• _What is required_
Skip pictures in the listing below; copy exactly the lines from the one with "Салонный фильтр CORTECO" through the one with "Tamarindo Bay Suites", inclusive.

• _Data excerpts_
* * *

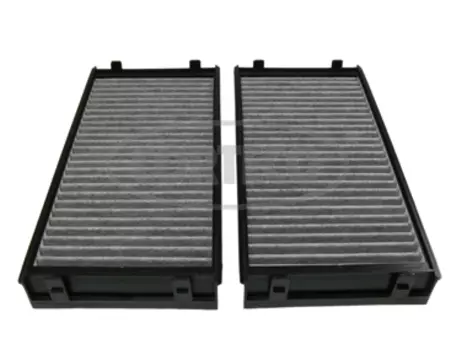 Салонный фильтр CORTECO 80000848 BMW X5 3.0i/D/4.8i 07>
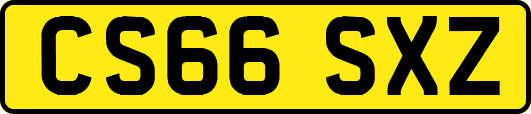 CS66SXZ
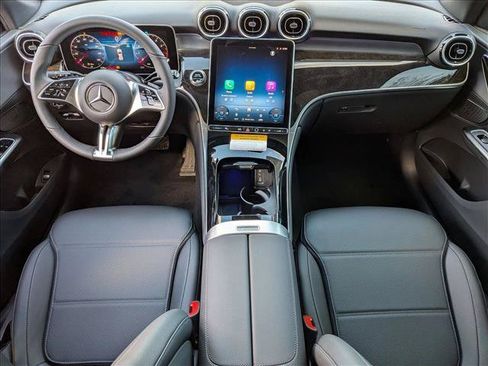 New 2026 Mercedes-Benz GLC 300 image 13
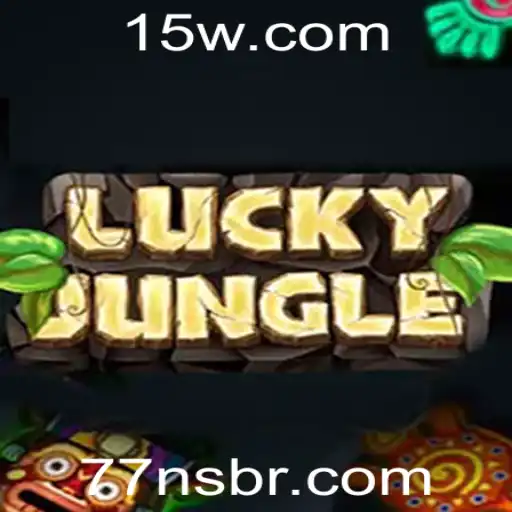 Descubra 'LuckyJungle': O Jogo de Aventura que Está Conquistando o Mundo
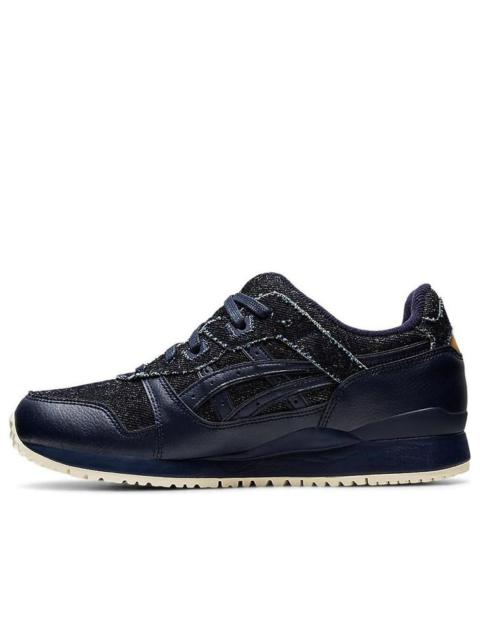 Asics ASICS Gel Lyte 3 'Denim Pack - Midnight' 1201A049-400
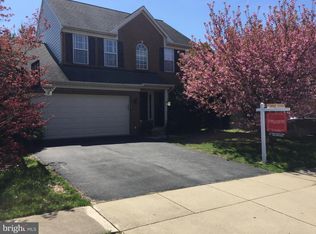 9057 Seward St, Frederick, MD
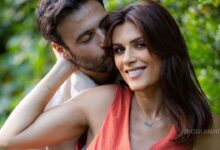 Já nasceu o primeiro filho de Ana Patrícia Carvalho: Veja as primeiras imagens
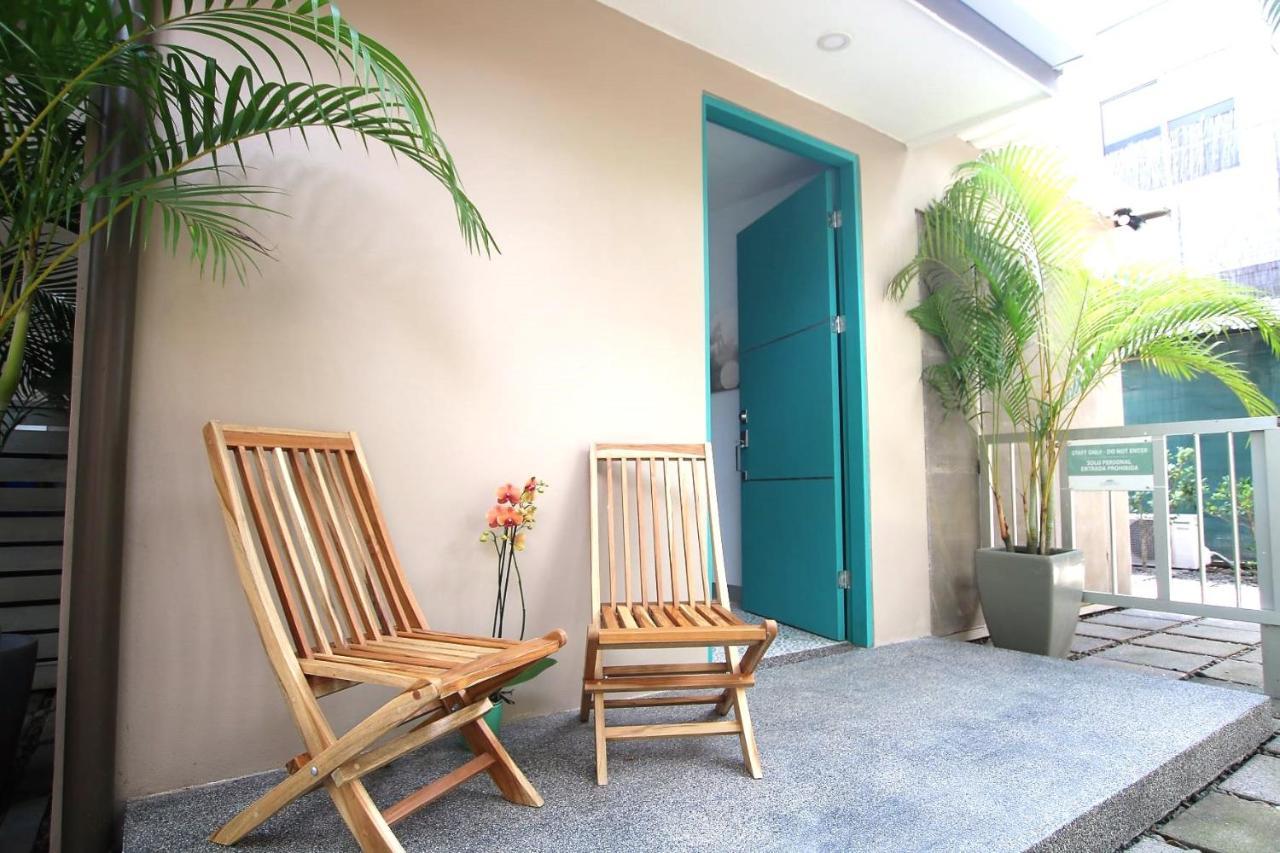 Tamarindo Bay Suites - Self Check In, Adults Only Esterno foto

* * *

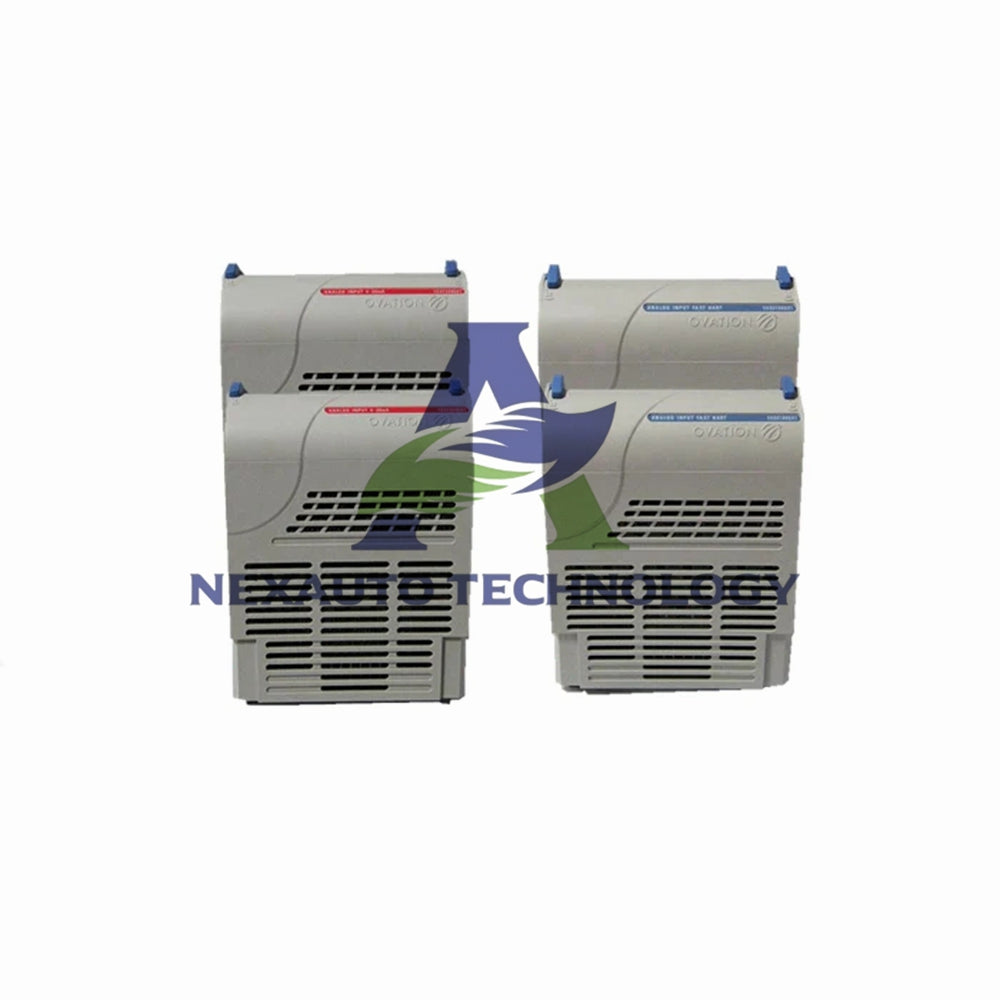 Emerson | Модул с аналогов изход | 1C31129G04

* * *

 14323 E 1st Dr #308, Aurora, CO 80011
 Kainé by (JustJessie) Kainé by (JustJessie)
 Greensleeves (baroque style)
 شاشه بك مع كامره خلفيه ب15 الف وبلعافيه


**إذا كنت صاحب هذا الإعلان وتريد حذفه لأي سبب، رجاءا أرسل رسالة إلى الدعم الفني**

* * *

• _Written solution_
 Салонный фильтр CORTECO 80000848 BMW X5 3.0i/D/4.8i 07>
 CS66SXZ
 New 2026 Mercedes-Benz GLC 300 image 13
 Descubra 'LuckyJungle': O Jogo de Aventura que Está Conquistando o Mundo
 Asics ASICS Gel Lyte 3 'Denim Pack - Midnight' 1201A049-400
 9057 Seward St, Frederick, MD
 Já nasceu o primeiro filho de Ana Patrícia Carvalho: Veja as primeiras imagens
 Tamarindo Bay Suites - Self Check In, Adults Only Esterno foto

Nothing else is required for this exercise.